5. This is the hard part: get a printout of the disassembled code. CW doesn't lend to doing this, so I had to capture screens using Windows ALT-PRTSC to capture to clipboard and then stick each screen shot in a Word or WordPad document. Now you have an image of the disassembled MQX startup code.
6. Presuming that you have a good app, set up CW to debug the bootloader. Put a breakpoint in the 'Switch_mode' func ahead of the jump to app.
7. Run the loader, and let it load the app. It will halt at 'Switch_mode'.
8. Step into your app from the loader. Unfortunately, all you will see is the disassembled code (that's why we did printout earlier).

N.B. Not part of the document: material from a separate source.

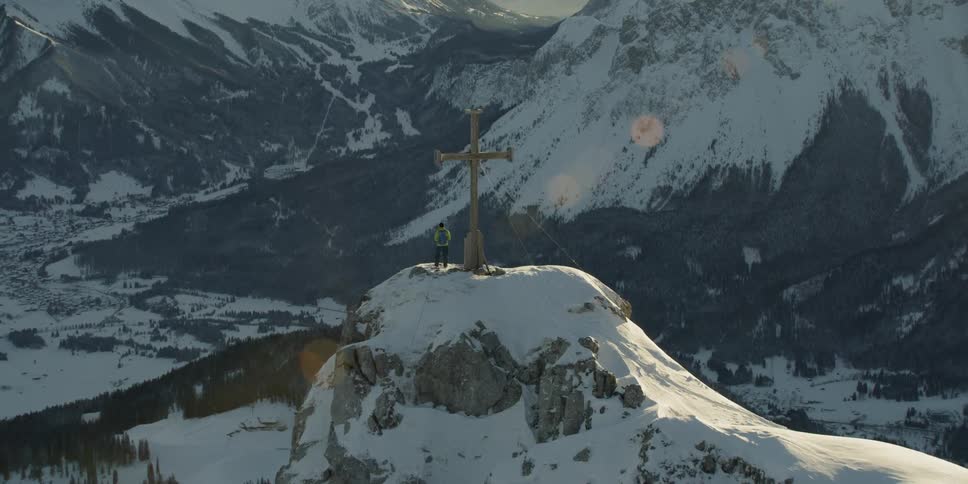 A hiker stands next to a cross on a snowy mountain peak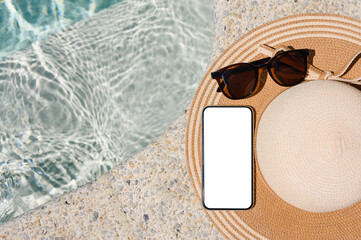 Smartphone with a blank white display on a straw hat by the pool in the hotel. Top view, mock up.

9. The big debug technique: use 'step over' until you hit something that fails. It will be obvious because CW will barf up with bad memory space and control will be lost if the clocks are not initialized, or the app will lock up like you said, waiting for PLL lock.
This is all very messy, but I found that my app crashed very early on so it was entirely practical to do the steps above. When the chips are down (pun intended) you have to resort to this level of debug, which effectively takes us back to the programmer's world of 1980.
Another observation: if you can set triggers in your app like using GPIO pin toggle, or serial I/O output, so you can see if app is running very early on. If the pulse period or serial output is wrong, then you clearly have clock setup problem. Best way to debug this is to run the app by itself, and presuming it runs successfully then halt somewhere and go to the various CPU peripheral regs and capture (screenshots again, CW has no capture or print for this) all the important regs for the successfully running app. Then compare those regs for the unsuccessful bootload of the app to see what's different. You will have to either explain away the differences, or you will stumble into a critical difference that is the source of error.
This whole discussion of course relies on the problem being in software, not hardware. You must verify that VCC and RESET on the CPU is to spec and there's not some other hardware issue.